Stage 2 financing is underway right now and the results of that could have a big effect.
One thing we can be sure of is that eventual profits will not all flow back to current shareholders, as future investors and lenders will take a chunk of the cake. If you can handle that uncertainty, fine, but you need to be happy with it.
Growth = volatility
A major characteristic of potential growth shares, especially not-yet-profitable ones, is the likely volatility of their share prices. If you look at the past five years, you’ll see the Sirius share price chart is very spiky indeed. Even today, at 36.6p, the shares are still below their peak of 52.5p almost exactly two years ago.

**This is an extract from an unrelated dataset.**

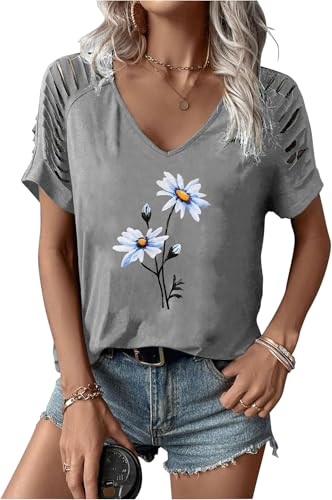 Daisy Shirts for Women Cut Out V Neck T-Shirts Boho Floral Graphic Tees Summer Cold Shoulder Short Sleeved Tops(Gray1,XXL)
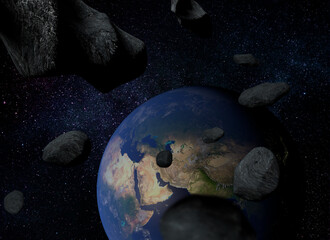 Space background with planet earth and comets. Giant asteroids are approaching the Earth. Realistic Meteorite. 3D Rendering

Despite many folk seeing growth stocks as potential ‘get rich quick’ opportunities, they’re long-term investments just like any other. If your focus is on quick profits you should… well, maybe get someone else to look after your money while you think a bit more about your aims.
News flow
The Sirius price is very much driven by news flow, as is often the case with companies in their cash-burn phase. There are no quarterly profits to analyse and therefore few meaningful metrics such as P/E ratios, cash flow, dividend yields and all that. But investors need their constant fix. What tends to happen is the share price rises when there’s news, then falls back during quiet spells.
Sirius has tried to address that by putting out regular progress updates, but we still see the same thing happening. During July, for example, we heard of progress in getting port and ship loading services arranged. Then there were two new potash uptake agreements with Chinese customers which took the company’s peak contracted sales volumes from 4.7m tonnes per year to 5.7m. And the latest is an agreement with Daniels Midland as its North American off-take partner.
Accordingly, the share price gained 12% in July. If we have a quiet month or two, I can see it drifting back down again.
Long-term potential
What I reckon is, you should be buying Sirius shares for is the long-term potential, with a period of five to 10 years from now being our payback target.
And what we’re looking for there is first production by 2021, with production of 10m tonnes per year by 2024 and 20m by 2026.
If you’re thinking of investing, you need to balance those potential production levels with the risks I’ve mentioned above, especially the cost of getting to profitability and the effect that future financing is likely to have.